Пикулин шлепнулся на стул, выпучив от удивления глаза. Я отпустил сервант и выпрямился.
– Сидеть, ничего не трогать! Я скоро приду.
Шолин хмыкнул:
– Куда ты? К мафии?
– Пойду денег найду вам, дуракам. Совсем одурели! Лучше напейтесь тихонько, уснете…
– Честно принесешь, Наталия? – слабым, словно после обморока, голосом уточнил Пикулин.
– Только не идиотничать. И ты сними эту фигню с себя.
– Сниму, сниму! – Серега испуганно и торопливо сорвал с головы берет, стал развязывать пояс халата.
– Все, я пошла. Буквально десять минут.
– Может быть, вместе? – двинулся было за ней Пикулин. – Ну, чтоб в ларек сразу же…
– Я сама, мне продают. Ваше дело – сидеть спокойно.
– Хорошо, Наталия, какой разговор… Но, это, подешевле или… чтоб две… или одну и читушку…
Дверь хлопнула. Столяр подошел к столу, стал расчищать место. Анархист, повесив халат и берет в прихожей, остался в майке с надписью “BOSS”. Сел на диван, тяжко вздохнул:
– Сдались, значит…
– Зато все-таки выпьем.
Я стал скручивать цигарку. В груди начало знакомо теплеть и посасывать. Если Наташа принесет бутылку, то на каждого выпадает по сто с лишним граммов. Мало, конечно. Но если вдруг две…
– Давайте сервант хоть на место поставим, – делает несмелое предложение Анархист, но его тут же заглушает вскрик Пикулина:
– Нельзя! Ничего, ради бога, не трогай!
– Вот выпьем, и уйду к толкинистам, – ворчит Серега. – Они дураки, конечно, зато у них жизнь. Сражаются, мечи всякие делают. В них энергия есть, их можно заразить идеей свободы. Пойдем, Шолинберг? У них ведь и свой подвал, под кинотеатром «Победа». Я там бывал, смотрел, где удобней взрывчатку закладывать. Хм, собирался взорвать их к чертям… Вполне терпимое место для жизни… Ну, ты как, Шолинберг?
Шолин в ответ усмехается.14
Наша избенка по окна засыпана снегом. И повсюду непроходимые, чуть не по пояс, сугробы, наносы; кажется, земля хочет понадежней укрыться от морозов, ветра, вообще от этого неласкового ноябрьского мира.
Еще с дамбы вижу: отец сгребает снег во дворе фанерной лопатой, ворочает здоровенные кучи.
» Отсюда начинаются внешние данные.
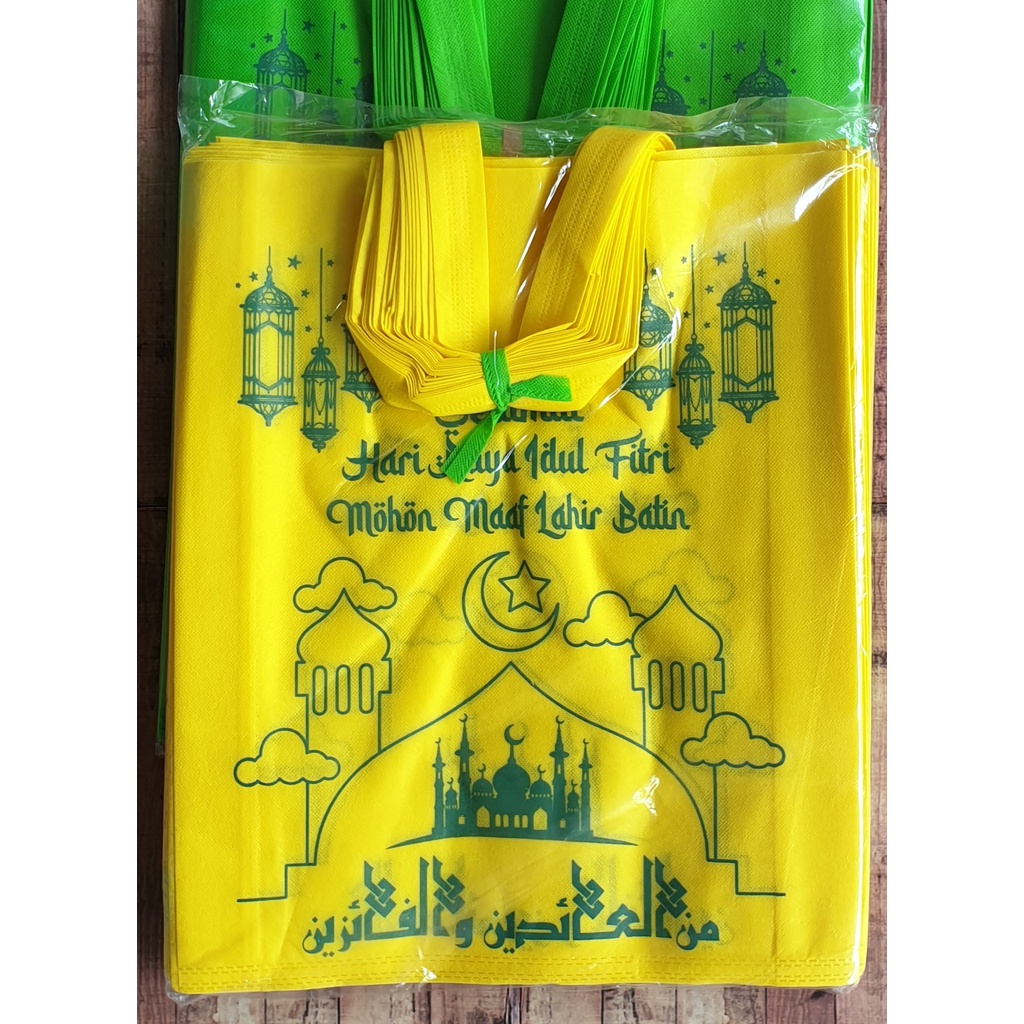 

12pcs / 1lusin Tas Souvenir Lebaran 38x45 cm - Tas Parcel Handle Jumbo - Tas Spun Bond - Goodie Bag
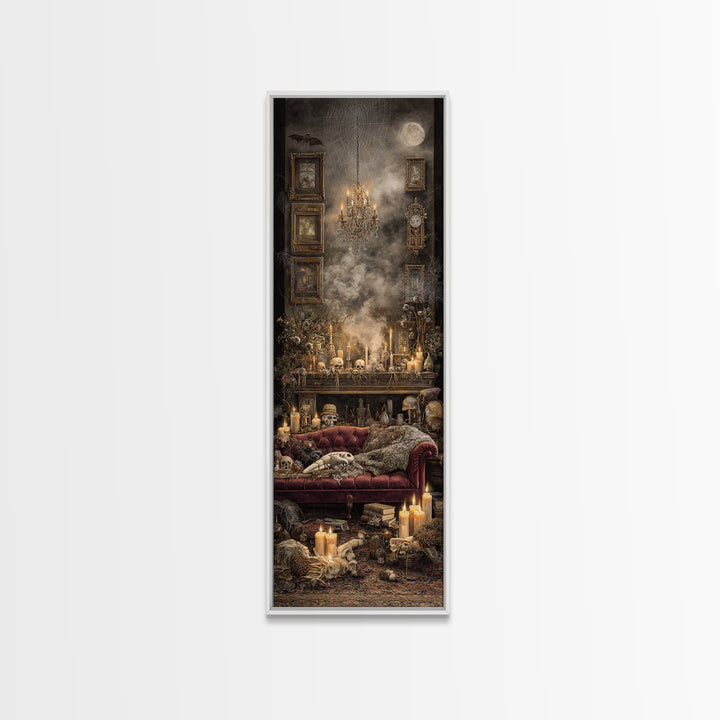 The Spider Queen Parlor - Occult Still Life, Spooky Wall Decor, Tall Narrow Wall Art, Framed Canvas Print, Halloween Home Decor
Работает размеренно и не спеша, зная, что быстро, с наскока, не справиться… Из трубы плотным прямым столбом поднимается дым. Что-то рано сегодня стали топить, обычно прогревают избу незадолго до сна, часов в восемь. А сейчас нет и пяти.
Пасмурно, сосновый бор за деревней похож на шероховатую, окрашенную густой масляной краской темно-синюю стену. Над бором заслоненное тучами, расплывчатое пятно старого, остывшего солнца.
По узкой, протоптанной среди наметенных в низину сугробов тропинке, берегом пруда шагаю к домику. Совсем не верится, что еще каких-то три месяца назад здесь был пляж, в мягкой, теплой воде плескались девушки в открытых купальничках, а потом загорали, лежа на золотистом песке. Из магнитофонов неслась веселая музыка, по вечерам берег был облеплен рыбаками, то и дело таскавшими меленьких карасей. По ночам под березой горел костер, молодежь пила спирт, орала песни, визжала, до рассвета раздражая собак в ближайших дворах, не давая людям выспаться, набраться силенок для нового дня… А утром к пруду сгоняли коров, поили перед долгим выпасом… Сейчас же – мертвая тишина, белое, холодное однообразие.
– Здоро-ово! – отец удивлен. – А ты что сегодня? Мы и не ждали.
Он втыкает лопату в рыхлый сугроб возле калитки, сняв рукавицу, проводит ладонью по мокрому от пота лбу.
– Отменили спектакли из-за гриппа, – отвечаю, – так что пару дней могу с вами побыть.
– А ты сам-то как?
– Вроде здоров.
– Ну, это главное. Иди маму обрадуй. Я здесь доделаю и тоже приду.
– А где Бича? – замечаю пустую будку.
Отец вздыхает:
– Н-ну, вот… нет больше нашего старичка. Дня четыре уже. Всю ночь перед тем выл, уйти хотел, видимо, а утром нашел я его возле будки… Договорились тут со знакомыми, у них щенята, но маленькие совсем. Без собаки-то плохо, и сон не сон – лежишь и слушаешь, как там на улице.
– Жалко, жалко, конечно, – качаю я головой.